Exercise objective
Write out an exact copy of the line containing "夜市是許多華人移民的共同回憶,在紐約被復(fù)制。(美國《世界日報》檔案照)" and all lines that follow it in the data below, leaving out pictures.

[Data extracted from a collection]
----
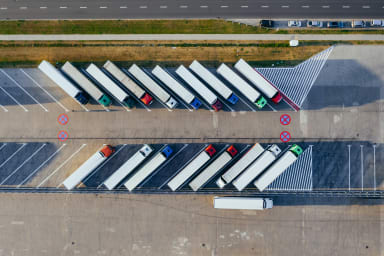Digital transformation and use cases in logistics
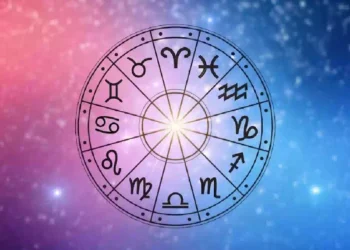 Ruota zodiacale con i 12 segni dell'oroscopo su sfondo cosmico sfumato nei toni del blu, viola e rosa, simbolo di astrologia, previsioni astrali e oroscopo quotidiano.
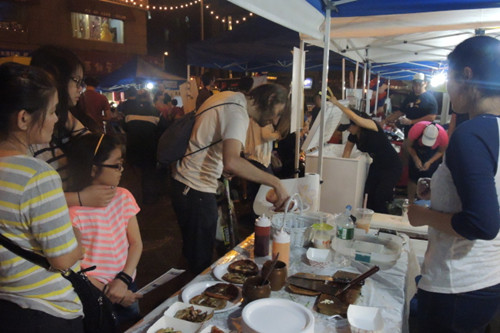 夜市是許多華人移民的共同回憶,在紐約被復(fù)制。(美國《世界日報》檔案照)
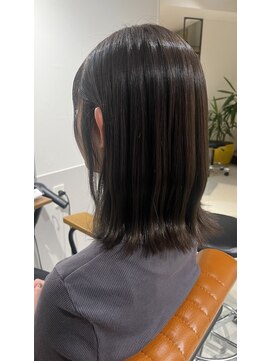 リアライズ(realize) オリーブグレージュカラー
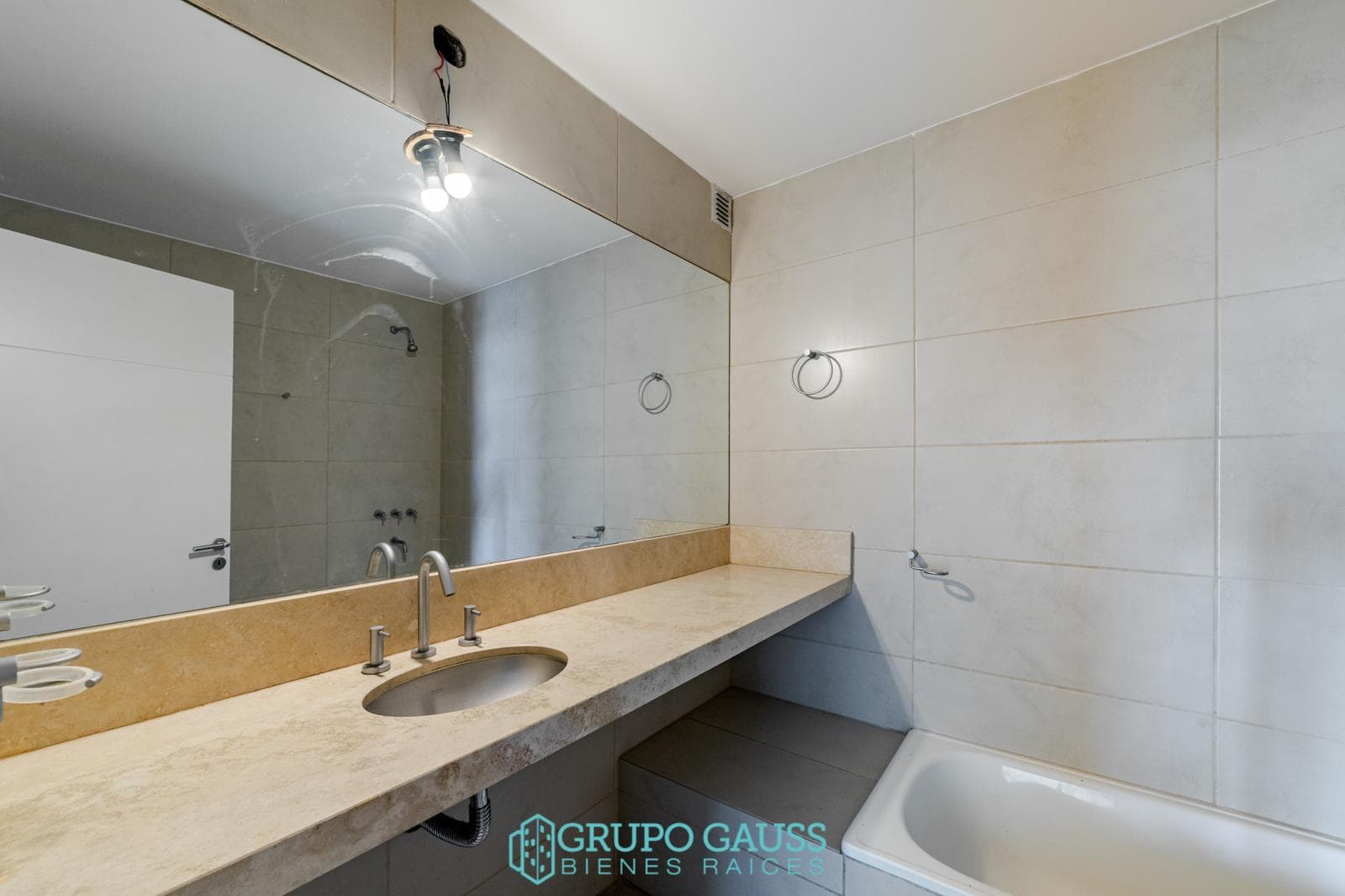 Apartment for RENT on General Paz: 3 bedrooms, 3 bathrooms, and a garage!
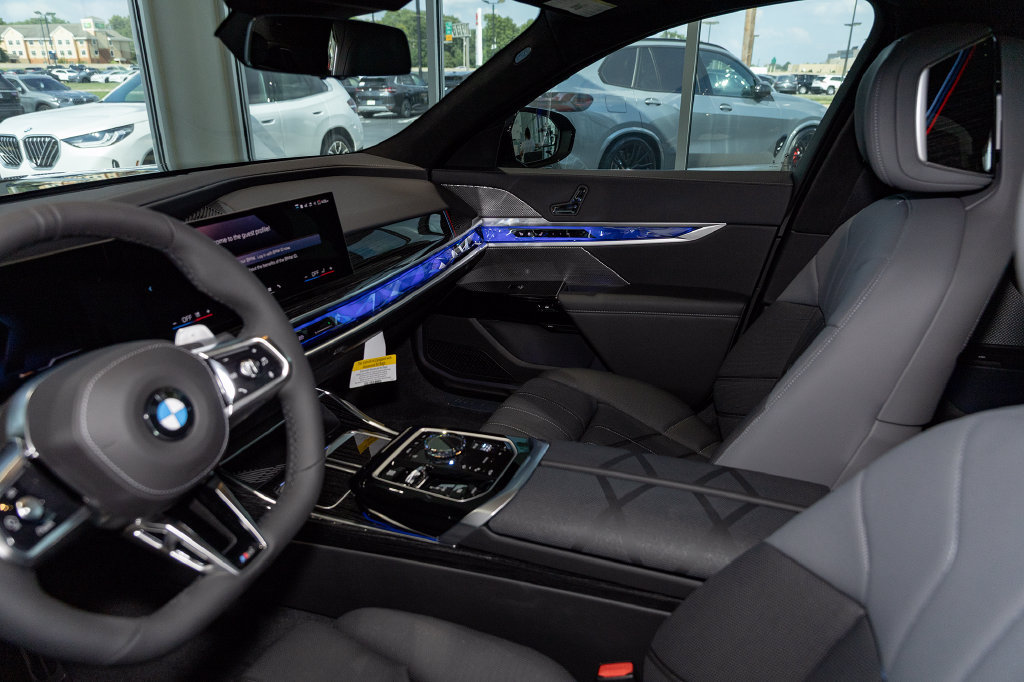 Used 2026 BMW 740i xDrive AWD/4WD image 8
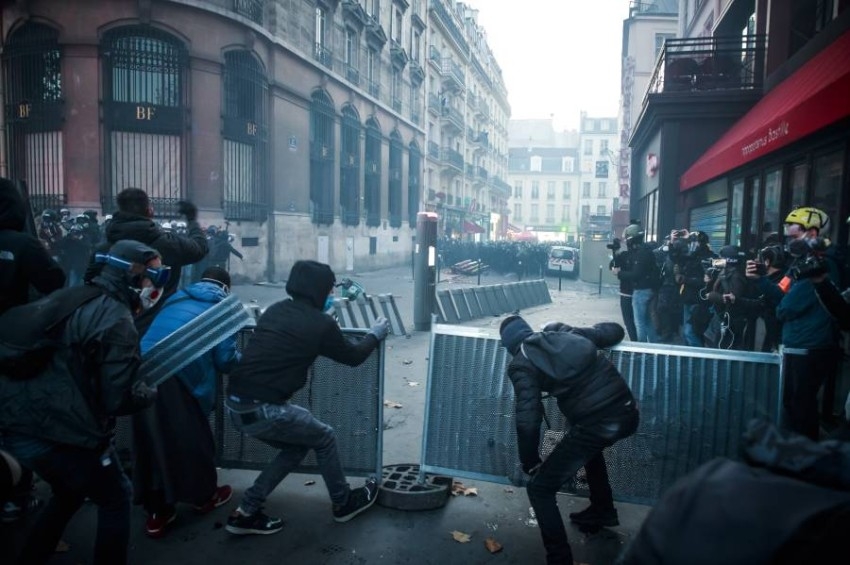 اشتباكات بين الشرطة الفرنسية ومحتجين على قانون أمني جديد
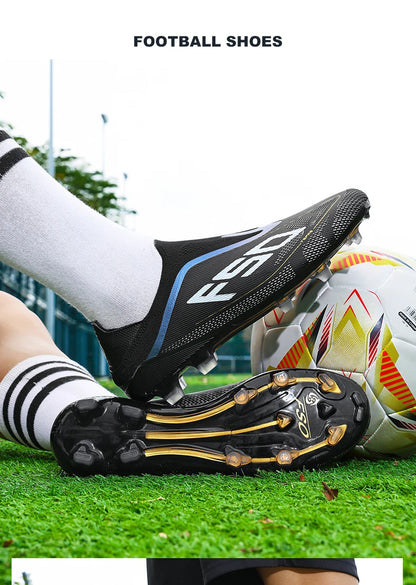 Nuove scarpe da calcio da uomo per futsal e outdoor, sneakers da partita su erba antiscivolo, scarpe da calcio di alta qualità con tacchetti, modello alto leggero best-seller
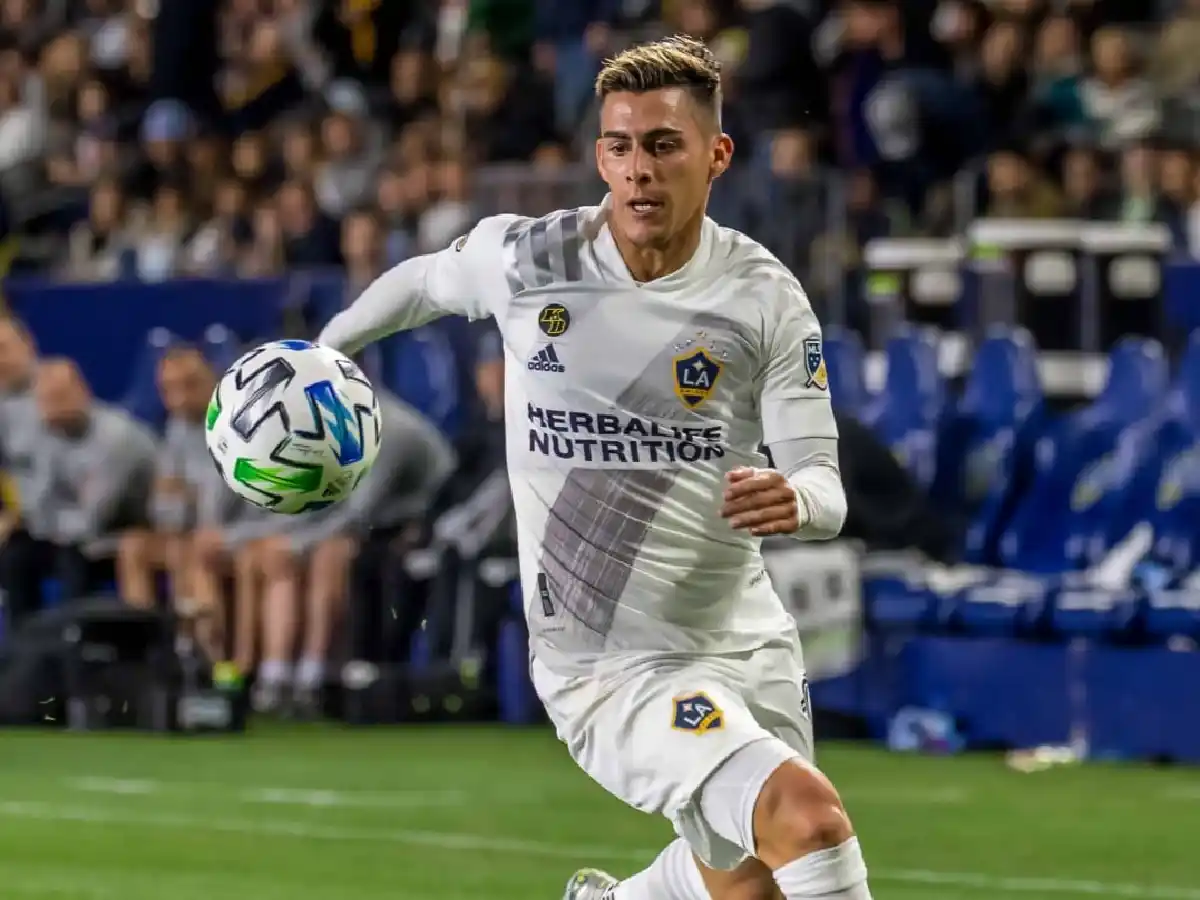 Los Ángeles Galaxy quiere comprar a Pavón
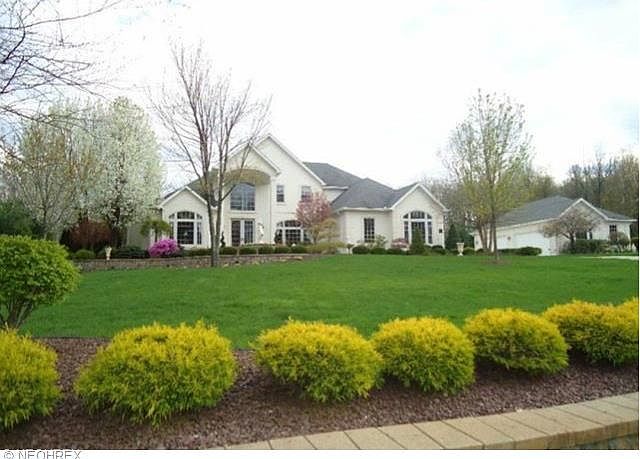 1st image of 962 Parkside Pl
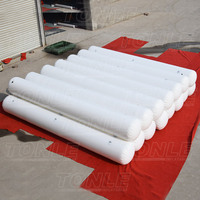 Bouée de marquage flottante gonflable personnalisée, bouée pyramidale gonflable à vendre, fournisseur de bouées triangulaires gonflables pour régates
----
Result for this exercise
 夜市是許多華人移民的共同回憶,在紐約被復(fù)制。(美國《世界日報》檔案照)
 リアライズ(realize) オリーブグレージュカラー
 Apartment for RENT on General Paz: 3 bedrooms, 3 bathrooms, and a garage!
 Used 2026 BMW 740i xDrive AWD/4WD image 8
 اشتباكات بين الشرطة الفرنسية ومحتجين على قانون أمني جديد
 Nuove scarpe da calcio da uomo per futsal e outdoor, sneakers da partita su erba antiscivolo, scarpe da calcio di alta qualità con tacchetti, modello alto leggero best-seller
 Los Ángeles Galaxy quiere comprar a Pavón
 1st image of 962 Parkside Pl
 Bouée de marquage flottante gonflable personnalisée, bouée pyramidale gonflable à vendre, fournisseur de bouées triangulaires gonflables pour régates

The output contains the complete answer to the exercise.